Classical Chinese Primer
CalligraphyFor questions of character structure, see also the Characters page.
GeneralLearn character writing with a ball pen, a pad of paper, and a copy of Johan Björkstén, Learn to Write Chinese Characters. It is not well adapted to our vocabulary, but it will give the general idea. Don't get carried away by mystique about the characters. Forget about deducing the meaning of words from their written forms: meanings evolve in use, but written forms do not. And the now standard written forms were stylized almost past recognition in the script reform of the Chin Dynasty. So, don't philosophize the characters. Treat them as arbitrary word symbols. But do acquire them. Write out the lesson. More than once.
Knowing Chinese is a skill of your arm; it has nothing much to do with your mind.
SpecificFor general principles of writing strokes and characters, follow Björkstén. You can safely start on p29. There is no need to memorize the calligrapher's terms for the various mistakes. As a general learning rule: Don't practice your mistakes; practice your successes.

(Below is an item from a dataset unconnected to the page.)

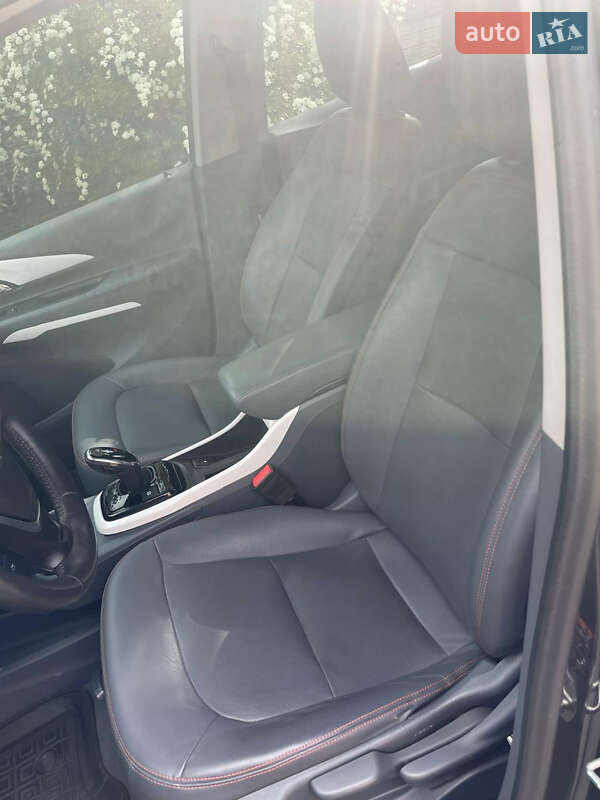 Хэтчбек Chevrolet Bolt EV 2017 в Ужгороде фото 14 Хэтчбек Chevrolet Bolt EV 2017 в Ужгороде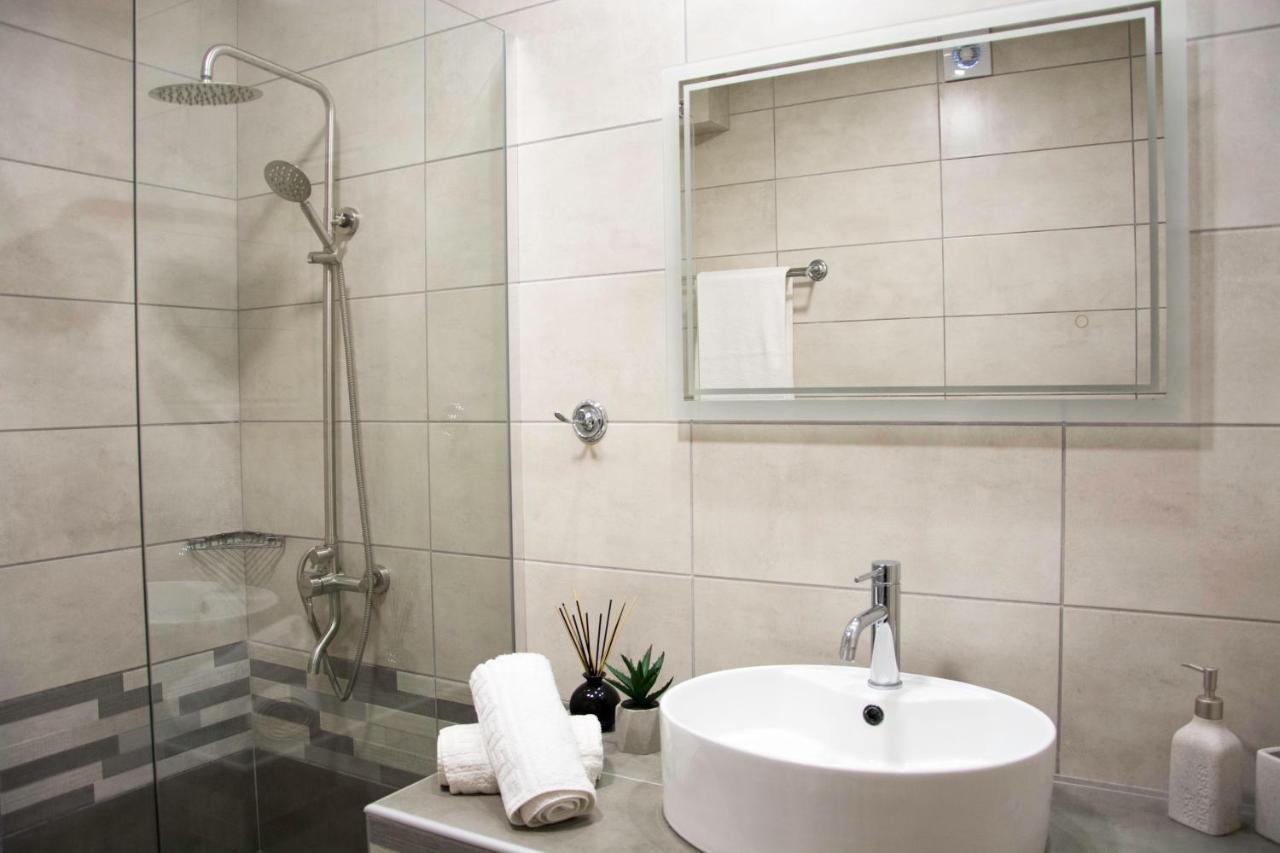 Big Max Guesthouse Kávos Екстериор снимка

Note especially the proper order and direction of strokes. Björkstén doesn't say it in so many words, but horizontal strokes are made from left to right, and vertical ones from top to bottom. Order of strokes within a character is generally from the upper left to the lower right. Some enclosing strokes look as though they should count as two, but actually count as one. It is helpful to get this straight because many books have character indexes that are based on stroke count.

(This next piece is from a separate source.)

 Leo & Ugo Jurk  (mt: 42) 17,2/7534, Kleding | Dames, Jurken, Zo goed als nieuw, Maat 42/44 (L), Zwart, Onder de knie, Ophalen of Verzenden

Many strokes in printed characters have little knobs or flourishes, imitating the way a writing brush contacts or leaves the paper. A ball pen and a pad or paper (or a sheet of paper on top of an old magazine) will allow enough "give" in the writing surface to let you replicate these gestures for practice purposes.
Characters for the most part are ideally seen as written in a 3x3 grid of squares (allowing irregular division into 1+2, etc). A pad of squared "quadrille" paper may be helpful for practice. One with quarter-inch squares should be OK. You can't write really big without using your whole arm, but at the beginning, write as big as is comfortable for your wrist, to get the movements clearly into memory. You can make it smaller later. In making strokes, don't jab, and in ending them, don't recoil as though the paper were hot. Be comfortable on the paper. Don't bother with carbon ink, or for that matter with inkstones and brushes, and still less with inkstones made from stones from particular parts of China (though admittedly Dwanjou has very nice ones), unless you are an artist who is here for the calligraphy, and whose only interest in the texts is as a calligraphy base.
If you can find an empty classroom top practice in, fine. The side of a short piece of chalk on a blackboard is wonderful for giving scope to larger body movements. Larger body movements are highly mnemonic. And you look good doing them.
References to Björkstén's instructions for specific characters, when he has them, are given in the Dictionary as B plus a page number. A composite reference, with B plus two page numbers and a plus (+) sign between, refers to pages where the parts of the character are separately illustrated. You will quickly get the hang of it, and will no longer need stroke-by-stroke instructions for every new character.
Note that horizontal strokes are level in printed forms (as in the above lesson text), but in writing they slant slightly uphill to the right (correctly shown in Björkstén). Don't write flat, but also don't exaggerate this uphill lift. (Some Warring States calligraphers slanted their characters rather sharply uphill to the left. It makes a disconcerting impression on a modern reader).
If you are left-handed, you will have problems; make your best individual adjustment. In the Orient, left-handers are forcibly changed, so we have no precedents to offer you.
HelpAs with your (Mandarin) pronunciation, it should be possible to find people to correct your calligraphy. It is partly to maintain this possibility that we are using Chin dynasty reformed characters, and not the actual script of the Warring States.